[Source material Boundary: Start]

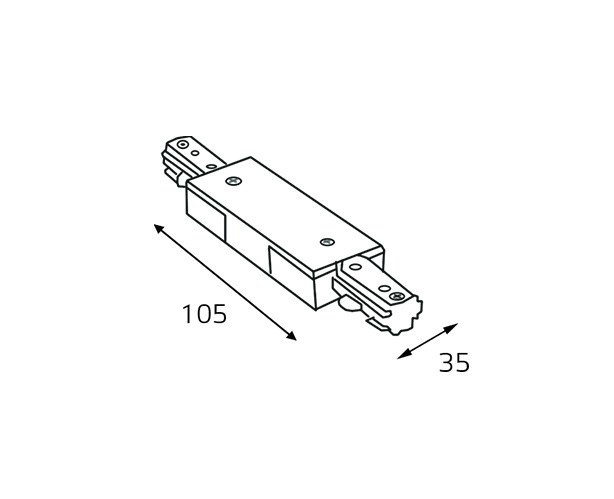 WSO 26B black соединитель линейный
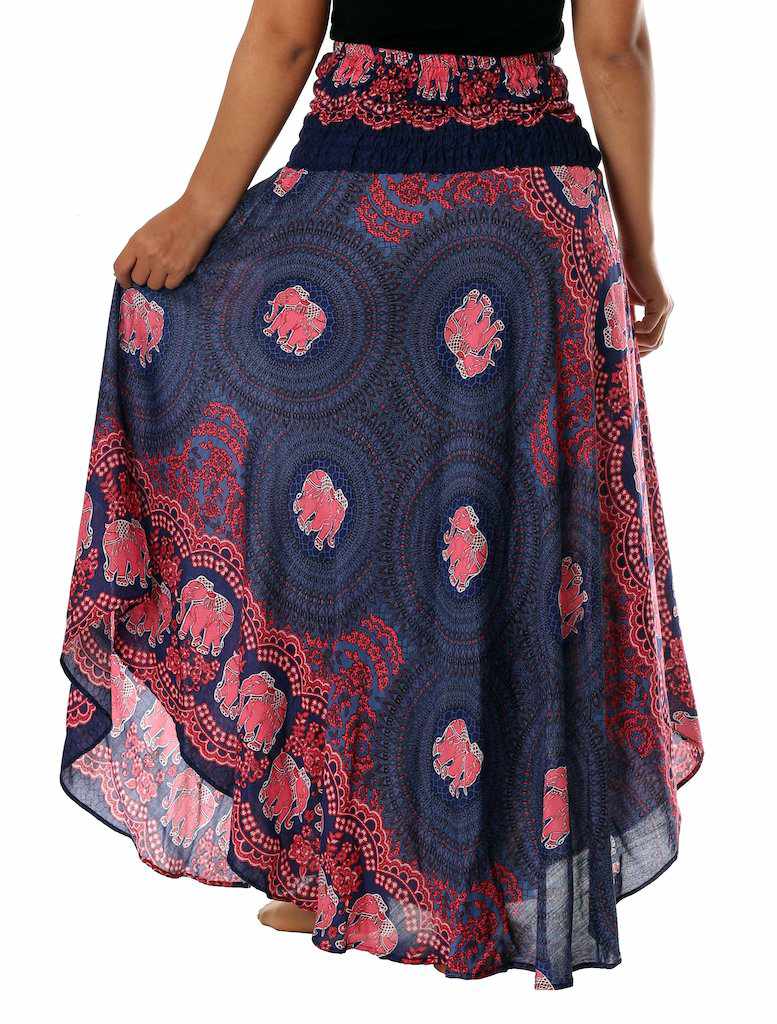 WOMEN DARK BLUE MAXI SKIRT - Lannaclothesdesign Shop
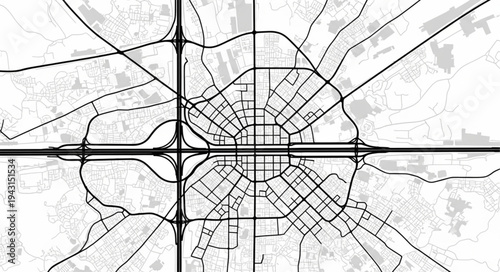Detailed City Road Network Map Illustration for Urban Planning.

[Source material Boundary: End]

» **What you have to do**
All of the material is to be reproduced verbatim, pictures excluded.

» **Answer to the problem**
 WSO 26B black соединитель линейный
 WOMEN DARK BLUE MAXI SKIRT - Lannaclothesdesign Shop
Detailed City Road Network Map Illustration for Urban Planning.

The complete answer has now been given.